Mission Impossible was a 60s phenomenon. A well-crafted and suspenseful series about covert government operatives, each episode left me more and more fascinated by the curious and continued threat of their being "disavowed". How could you be "authorised" to do something one minute and a fugitive the next for doing the very thing you were instructed to do? It didn’t make sense then, and to an even greater extent, it still doesn’t now.

However, after I read a news item about The Planned Parenthood Federation parting ways with one of their founders, I found my usual unequivocal self to be strangely ambivalent. It appears that given the ongoing and well-justified focus on black lives, the association suddenly realised that Margaret Sanger’s unconscionable support of eugenics placed her firmly in Nazi territory and couldn’t disavow her quickly enough.

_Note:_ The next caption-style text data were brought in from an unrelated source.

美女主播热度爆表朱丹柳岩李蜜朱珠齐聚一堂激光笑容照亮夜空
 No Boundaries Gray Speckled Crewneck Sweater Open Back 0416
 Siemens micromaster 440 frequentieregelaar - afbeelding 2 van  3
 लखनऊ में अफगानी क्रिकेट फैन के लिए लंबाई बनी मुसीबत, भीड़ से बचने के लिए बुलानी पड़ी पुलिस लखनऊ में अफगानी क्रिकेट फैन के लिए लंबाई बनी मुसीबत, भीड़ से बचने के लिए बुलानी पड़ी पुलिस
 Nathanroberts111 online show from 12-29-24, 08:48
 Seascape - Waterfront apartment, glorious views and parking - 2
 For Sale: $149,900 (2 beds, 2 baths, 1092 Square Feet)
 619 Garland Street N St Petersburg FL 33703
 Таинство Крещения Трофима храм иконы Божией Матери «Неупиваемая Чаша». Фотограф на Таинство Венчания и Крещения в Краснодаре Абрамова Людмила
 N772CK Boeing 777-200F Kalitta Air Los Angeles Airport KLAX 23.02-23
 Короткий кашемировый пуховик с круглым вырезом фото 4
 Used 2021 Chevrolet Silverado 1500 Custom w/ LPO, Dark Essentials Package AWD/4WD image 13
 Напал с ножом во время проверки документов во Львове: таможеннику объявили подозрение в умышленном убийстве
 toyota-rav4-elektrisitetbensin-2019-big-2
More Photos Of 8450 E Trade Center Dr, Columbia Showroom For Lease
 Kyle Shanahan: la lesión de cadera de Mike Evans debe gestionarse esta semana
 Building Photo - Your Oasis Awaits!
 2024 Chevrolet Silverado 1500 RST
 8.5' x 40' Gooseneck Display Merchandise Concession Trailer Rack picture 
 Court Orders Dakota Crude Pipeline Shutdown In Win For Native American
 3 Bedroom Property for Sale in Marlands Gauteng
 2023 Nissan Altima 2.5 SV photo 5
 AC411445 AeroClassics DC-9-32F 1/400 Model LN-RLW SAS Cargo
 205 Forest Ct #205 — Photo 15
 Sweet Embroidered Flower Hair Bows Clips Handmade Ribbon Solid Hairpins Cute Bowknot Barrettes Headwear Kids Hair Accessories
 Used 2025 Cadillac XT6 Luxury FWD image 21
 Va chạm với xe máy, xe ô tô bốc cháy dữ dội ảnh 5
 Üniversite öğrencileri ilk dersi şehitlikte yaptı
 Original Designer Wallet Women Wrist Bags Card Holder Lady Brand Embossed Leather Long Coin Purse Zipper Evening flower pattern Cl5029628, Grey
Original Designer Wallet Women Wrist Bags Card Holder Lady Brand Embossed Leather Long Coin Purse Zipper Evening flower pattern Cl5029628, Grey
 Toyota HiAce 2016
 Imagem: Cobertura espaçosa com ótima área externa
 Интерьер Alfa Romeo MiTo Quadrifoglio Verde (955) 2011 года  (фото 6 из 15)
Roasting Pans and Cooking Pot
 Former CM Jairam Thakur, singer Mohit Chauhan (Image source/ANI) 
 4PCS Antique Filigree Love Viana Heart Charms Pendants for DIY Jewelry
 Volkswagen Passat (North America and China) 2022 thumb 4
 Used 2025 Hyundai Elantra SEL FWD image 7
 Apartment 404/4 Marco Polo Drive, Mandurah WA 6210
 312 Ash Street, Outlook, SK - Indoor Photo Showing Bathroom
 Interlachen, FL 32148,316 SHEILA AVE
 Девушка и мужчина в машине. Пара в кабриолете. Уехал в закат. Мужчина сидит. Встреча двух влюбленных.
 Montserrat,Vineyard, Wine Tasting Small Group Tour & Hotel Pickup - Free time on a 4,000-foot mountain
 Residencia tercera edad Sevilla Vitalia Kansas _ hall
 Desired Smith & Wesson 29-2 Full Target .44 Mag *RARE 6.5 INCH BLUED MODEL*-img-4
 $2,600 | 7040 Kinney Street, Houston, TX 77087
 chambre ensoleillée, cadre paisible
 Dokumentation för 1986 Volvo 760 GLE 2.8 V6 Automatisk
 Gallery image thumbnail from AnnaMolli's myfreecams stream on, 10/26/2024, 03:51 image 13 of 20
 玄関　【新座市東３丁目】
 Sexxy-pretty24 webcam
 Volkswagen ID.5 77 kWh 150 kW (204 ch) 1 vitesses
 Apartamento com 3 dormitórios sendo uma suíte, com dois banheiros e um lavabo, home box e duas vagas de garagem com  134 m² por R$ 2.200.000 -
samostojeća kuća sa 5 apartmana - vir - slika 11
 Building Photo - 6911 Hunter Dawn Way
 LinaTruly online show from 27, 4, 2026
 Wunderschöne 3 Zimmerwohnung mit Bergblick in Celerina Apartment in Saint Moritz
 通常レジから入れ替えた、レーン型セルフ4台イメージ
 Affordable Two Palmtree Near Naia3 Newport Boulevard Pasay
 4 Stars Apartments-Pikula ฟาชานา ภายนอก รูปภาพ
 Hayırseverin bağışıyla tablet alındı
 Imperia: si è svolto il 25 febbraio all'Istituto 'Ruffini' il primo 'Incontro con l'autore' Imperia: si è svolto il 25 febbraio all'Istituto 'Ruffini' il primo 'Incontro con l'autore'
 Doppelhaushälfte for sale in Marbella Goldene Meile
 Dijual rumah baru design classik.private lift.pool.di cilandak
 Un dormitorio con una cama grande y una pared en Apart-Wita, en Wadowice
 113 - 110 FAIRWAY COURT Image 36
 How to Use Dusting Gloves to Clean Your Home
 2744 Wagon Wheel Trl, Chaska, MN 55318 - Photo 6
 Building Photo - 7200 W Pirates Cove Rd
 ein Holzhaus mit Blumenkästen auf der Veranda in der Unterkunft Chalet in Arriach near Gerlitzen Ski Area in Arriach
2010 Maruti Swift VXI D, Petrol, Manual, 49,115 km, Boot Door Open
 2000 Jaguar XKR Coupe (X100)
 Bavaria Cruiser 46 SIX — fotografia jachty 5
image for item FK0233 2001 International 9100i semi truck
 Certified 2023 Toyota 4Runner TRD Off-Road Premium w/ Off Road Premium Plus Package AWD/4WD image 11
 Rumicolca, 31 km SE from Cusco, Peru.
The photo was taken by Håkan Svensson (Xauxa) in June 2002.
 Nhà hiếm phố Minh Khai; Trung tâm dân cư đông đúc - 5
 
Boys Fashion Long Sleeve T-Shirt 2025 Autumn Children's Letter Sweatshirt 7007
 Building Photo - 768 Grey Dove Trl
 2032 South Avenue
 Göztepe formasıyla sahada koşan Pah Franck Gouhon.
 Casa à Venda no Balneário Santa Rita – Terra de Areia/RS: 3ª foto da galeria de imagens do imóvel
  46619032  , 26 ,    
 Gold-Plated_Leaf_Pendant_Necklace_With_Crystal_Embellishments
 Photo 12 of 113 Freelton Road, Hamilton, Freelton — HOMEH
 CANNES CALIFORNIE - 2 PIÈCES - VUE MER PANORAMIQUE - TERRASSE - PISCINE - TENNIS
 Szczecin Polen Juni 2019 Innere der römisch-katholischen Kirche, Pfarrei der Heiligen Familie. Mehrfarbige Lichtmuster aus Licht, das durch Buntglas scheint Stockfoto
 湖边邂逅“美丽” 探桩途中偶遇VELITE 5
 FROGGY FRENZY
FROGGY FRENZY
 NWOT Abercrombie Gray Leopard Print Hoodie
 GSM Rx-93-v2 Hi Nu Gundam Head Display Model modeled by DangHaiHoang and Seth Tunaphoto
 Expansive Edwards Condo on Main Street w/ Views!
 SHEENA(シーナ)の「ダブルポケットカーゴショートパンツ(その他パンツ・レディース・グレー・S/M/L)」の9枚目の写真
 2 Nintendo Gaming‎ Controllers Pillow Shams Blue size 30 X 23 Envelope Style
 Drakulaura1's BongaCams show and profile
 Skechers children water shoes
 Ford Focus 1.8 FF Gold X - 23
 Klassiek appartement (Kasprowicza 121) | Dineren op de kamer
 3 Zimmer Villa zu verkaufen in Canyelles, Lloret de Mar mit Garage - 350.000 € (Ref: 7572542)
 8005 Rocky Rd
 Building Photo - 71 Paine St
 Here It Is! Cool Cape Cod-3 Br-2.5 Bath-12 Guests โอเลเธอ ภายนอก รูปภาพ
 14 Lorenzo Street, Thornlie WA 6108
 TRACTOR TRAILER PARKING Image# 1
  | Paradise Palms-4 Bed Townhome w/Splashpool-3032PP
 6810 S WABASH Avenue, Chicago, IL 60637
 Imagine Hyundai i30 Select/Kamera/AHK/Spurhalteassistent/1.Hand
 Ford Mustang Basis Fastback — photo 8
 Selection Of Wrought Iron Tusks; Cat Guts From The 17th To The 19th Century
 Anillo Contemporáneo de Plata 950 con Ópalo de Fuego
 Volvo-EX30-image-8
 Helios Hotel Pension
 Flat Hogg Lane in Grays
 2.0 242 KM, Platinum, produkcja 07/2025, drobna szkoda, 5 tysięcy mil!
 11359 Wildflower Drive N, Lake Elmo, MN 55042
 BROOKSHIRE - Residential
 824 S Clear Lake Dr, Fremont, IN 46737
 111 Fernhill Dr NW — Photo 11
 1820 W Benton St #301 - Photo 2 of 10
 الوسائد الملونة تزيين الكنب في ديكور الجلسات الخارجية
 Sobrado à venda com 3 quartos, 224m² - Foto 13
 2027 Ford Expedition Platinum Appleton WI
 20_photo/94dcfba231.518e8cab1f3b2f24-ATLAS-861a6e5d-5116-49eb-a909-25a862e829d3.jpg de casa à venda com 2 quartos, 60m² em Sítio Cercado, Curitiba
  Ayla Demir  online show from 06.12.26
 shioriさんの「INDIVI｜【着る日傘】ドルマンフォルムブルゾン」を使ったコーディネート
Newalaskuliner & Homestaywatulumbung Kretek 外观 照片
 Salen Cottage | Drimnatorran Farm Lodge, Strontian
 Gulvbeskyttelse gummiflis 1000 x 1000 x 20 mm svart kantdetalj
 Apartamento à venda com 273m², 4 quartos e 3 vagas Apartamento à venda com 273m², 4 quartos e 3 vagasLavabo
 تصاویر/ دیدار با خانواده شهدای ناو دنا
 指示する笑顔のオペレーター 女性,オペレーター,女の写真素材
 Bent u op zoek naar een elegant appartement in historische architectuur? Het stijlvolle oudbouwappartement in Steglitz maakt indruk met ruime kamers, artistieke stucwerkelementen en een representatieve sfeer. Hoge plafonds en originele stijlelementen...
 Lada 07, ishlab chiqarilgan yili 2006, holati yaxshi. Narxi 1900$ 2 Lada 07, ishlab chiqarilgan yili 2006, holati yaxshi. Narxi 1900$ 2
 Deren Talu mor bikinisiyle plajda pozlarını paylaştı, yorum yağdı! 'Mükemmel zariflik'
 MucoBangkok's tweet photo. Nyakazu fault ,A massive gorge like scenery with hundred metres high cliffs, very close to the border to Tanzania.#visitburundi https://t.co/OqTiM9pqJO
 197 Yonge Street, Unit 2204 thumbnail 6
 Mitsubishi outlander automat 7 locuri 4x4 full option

It was very wise move in this case, but here’s the flip side; the advent and subsequent meteoric rise of what is popularly known as ‘cancel culture’. This current tendency to write people off just because we don’t agree with them - without weighing their thoughts and actions against any standards but our own - is all kinds of wrong. How on earth did we get here?

Don’t get me wrong! I’m a great fan of lively debates, and have even been known to provoke one or two myself!! But the joy for me is in the actual discussion. Hearing others‘ thoughts; trying to see where they’re coming from; offering one’s two cents; meeting each other half-way... This is how dialogue begins and results in the rule of law.

Long before God gave us the ten commandments, people were living together in settlements; not because they were related, but because it was the safest and most sensible thing to do. They were able to put aside the things that could have permanently prevented any notion of unity, and instead concentrate on what they had in common. In the same way, our disparateness should encourage dialogue, not diatribes.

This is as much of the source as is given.